**WORK INSTRUCTION**
Within the entries below, the lines from the one with "春晚导演朗昆一婚娶导演二婚娶歌手三婚娶小15岁嫩模" through the one with "Black Fox Lodge" are to be set down exactly, both ends kept.

Dataset items
------

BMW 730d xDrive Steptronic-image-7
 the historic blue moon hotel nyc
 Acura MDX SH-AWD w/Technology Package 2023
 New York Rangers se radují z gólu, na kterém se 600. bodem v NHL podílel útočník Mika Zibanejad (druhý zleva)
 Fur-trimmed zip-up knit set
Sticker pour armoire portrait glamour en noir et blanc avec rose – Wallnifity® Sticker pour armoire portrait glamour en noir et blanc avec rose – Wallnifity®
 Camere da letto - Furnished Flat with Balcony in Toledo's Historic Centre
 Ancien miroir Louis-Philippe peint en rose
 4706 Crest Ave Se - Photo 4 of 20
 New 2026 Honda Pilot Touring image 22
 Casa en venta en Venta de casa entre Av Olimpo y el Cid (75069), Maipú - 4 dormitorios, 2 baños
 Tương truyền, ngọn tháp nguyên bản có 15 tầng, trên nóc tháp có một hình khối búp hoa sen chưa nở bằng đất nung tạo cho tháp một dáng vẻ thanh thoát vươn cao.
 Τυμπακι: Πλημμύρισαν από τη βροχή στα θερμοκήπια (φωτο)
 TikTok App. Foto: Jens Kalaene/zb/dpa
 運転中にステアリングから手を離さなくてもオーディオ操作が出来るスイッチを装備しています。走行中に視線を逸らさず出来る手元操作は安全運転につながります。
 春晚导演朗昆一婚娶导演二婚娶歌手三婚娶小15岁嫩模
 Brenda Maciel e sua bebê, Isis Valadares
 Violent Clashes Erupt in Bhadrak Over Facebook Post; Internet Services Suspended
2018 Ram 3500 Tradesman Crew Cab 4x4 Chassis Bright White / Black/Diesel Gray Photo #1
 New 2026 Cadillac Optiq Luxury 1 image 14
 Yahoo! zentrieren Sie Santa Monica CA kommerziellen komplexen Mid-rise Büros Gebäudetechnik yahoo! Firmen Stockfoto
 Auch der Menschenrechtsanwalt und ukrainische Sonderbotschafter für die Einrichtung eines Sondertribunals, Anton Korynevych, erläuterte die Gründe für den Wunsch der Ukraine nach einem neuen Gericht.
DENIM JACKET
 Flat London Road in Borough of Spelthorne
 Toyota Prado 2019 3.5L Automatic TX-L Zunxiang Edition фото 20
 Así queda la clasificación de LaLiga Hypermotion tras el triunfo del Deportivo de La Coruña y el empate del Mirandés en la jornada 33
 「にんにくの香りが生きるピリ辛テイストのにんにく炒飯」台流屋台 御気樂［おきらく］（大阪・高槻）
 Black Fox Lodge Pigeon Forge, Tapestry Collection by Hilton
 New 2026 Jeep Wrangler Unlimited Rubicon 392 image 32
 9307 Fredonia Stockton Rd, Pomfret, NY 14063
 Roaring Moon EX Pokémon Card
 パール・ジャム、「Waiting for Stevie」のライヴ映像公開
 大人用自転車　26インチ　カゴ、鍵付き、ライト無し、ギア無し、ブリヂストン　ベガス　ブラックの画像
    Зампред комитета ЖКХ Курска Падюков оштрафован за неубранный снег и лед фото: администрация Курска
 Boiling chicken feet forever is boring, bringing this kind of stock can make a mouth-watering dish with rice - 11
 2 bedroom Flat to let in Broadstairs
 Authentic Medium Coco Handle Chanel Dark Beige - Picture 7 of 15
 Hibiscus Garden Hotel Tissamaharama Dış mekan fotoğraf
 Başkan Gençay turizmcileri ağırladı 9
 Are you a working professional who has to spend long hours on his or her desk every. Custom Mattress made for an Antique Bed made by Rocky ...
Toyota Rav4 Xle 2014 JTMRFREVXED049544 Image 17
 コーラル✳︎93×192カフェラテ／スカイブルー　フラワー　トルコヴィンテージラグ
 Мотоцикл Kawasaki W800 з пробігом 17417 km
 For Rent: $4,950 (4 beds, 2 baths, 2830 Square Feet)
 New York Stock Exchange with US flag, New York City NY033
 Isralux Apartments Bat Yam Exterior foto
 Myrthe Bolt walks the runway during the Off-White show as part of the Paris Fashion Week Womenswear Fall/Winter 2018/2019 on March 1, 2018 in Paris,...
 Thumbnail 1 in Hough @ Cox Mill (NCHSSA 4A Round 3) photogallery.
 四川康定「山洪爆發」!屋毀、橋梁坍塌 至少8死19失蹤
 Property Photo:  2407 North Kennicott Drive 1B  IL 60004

------

**RESPONSE FOR THIS EXERCISE**
 春晚导演朗昆一婚娶导演二婚娶歌手三婚娶小15岁嫩模
 Brenda Maciel e sua bebê, Isis Valadares
 Violent Clashes Erupt in Bhadrak Over Facebook Post; Internet Services Suspended
2018 Ram 3500 Tradesman Crew Cab 4x4 Chassis Bright White / Black/Diesel Gray Photo #1
 New 2026 Cadillac Optiq Luxury 1 image 14
 Yahoo! zentrieren Sie Santa Monica CA kommerziellen komplexen Mid-rise Büros Gebäudetechnik yahoo! Firmen Stockfoto
 Auch der Menschenrechtsanwalt und ukrainische Sonderbotschafter für die Einrichtung eines Sondertribunals, Anton Korynevych, erläuterte die Gründe für den Wunsch der Ukraine nach einem neuen Gericht.
DENIM JACKET
 Flat London Road in Borough of Spelthorne
 Toyota Prado 2019 3.5L Automatic TX-L Zunxiang Edition фото 20
 Así queda la clasificación de LaLiga Hypermotion tras el triunfo del Deportivo de La Coruña y el empate del Mirandés en la jornada 33
 「にんにくの香りが生きるピリ辛テイストのにんにく炒飯」台流屋台 御気樂［おきらく］（大阪・高槻）
 Black Fox Lodge Pigeon Forge, Tapestry Collection by Hilton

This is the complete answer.